[What you have to do]: Make an exact copy of the records, with the pictures left out.

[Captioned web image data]
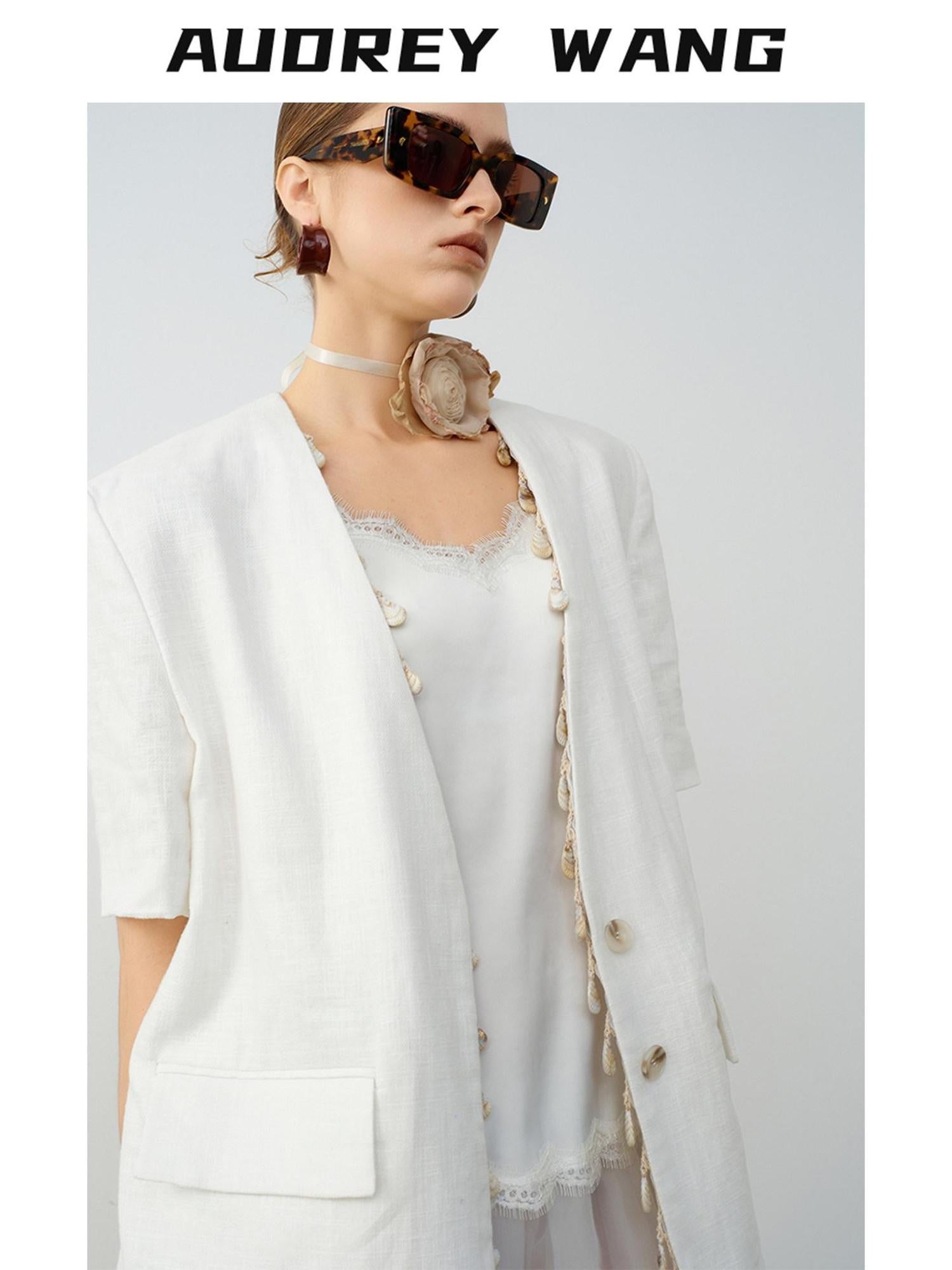 audreyyang Breathable Linen Short Sleeve Minimalist Back Vent Casual Womens Blazers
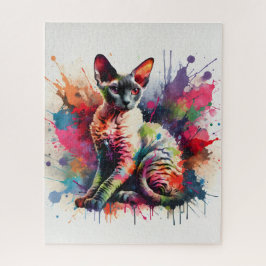 Watercolor Cornish Rex Cat Colorful Portrait ジグソーパズル
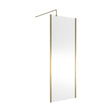 [BEOF800BB] Balterley Contemporary Bathroom 8mm Glass Outer Framed Wetroom Screen with Support Bar, Brushed Brass, 1950 x 800 x 14mm - Cutout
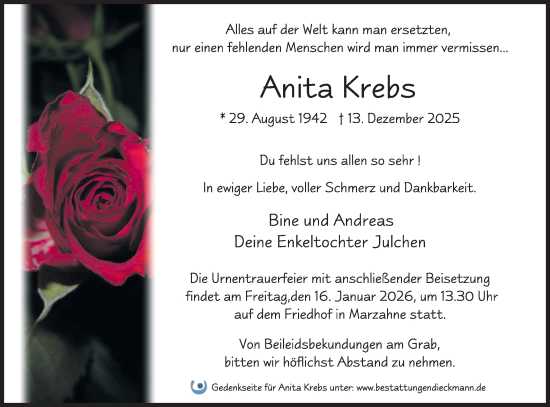Traueranzeige von Anita Krebs von Märkische Oderzeitung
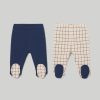 Neonato 9-36 Mesi Blukids Pantaloni E Jeans | Pack 2 Ghette In Puro Cotone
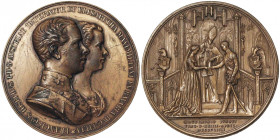 Austria. Austria Franz Joseph I (1848-1916) Medal 1854 (Later issue) Marriage with Elisabeth in Bayern.20th century issue, Ø 55 mm. Scratches. Ae. 75....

[Finished exercise]:
 audreyyang Breathable Linen Short Sleeve Minimalist Back Vent Casual Womens Blazers
 Watercolor Cornish Rex Cat Colorful Portrait ジグソーパズル
 [BEOF800BB] Balterley Contemporary Bathroom 8mm Glass Outer Framed Wetroom Screen with Support Bar, Brushed Brass, 1950 x 800 x 14mm - Cutout
Traueranzeige von Anita Krebs von Märkische Oderzeitung
 Neonato 9-36 Mesi Blukids Pantaloni E Jeans | Pack 2 Ghette In Puro Cotone
 Austria. Austria Franz Joseph I (1848-1916) Medal 1854 (Later issue) Marriage with Elisabeth in Bayern.20th century issue, Ø 55 mm. Scratches. Ae. 75....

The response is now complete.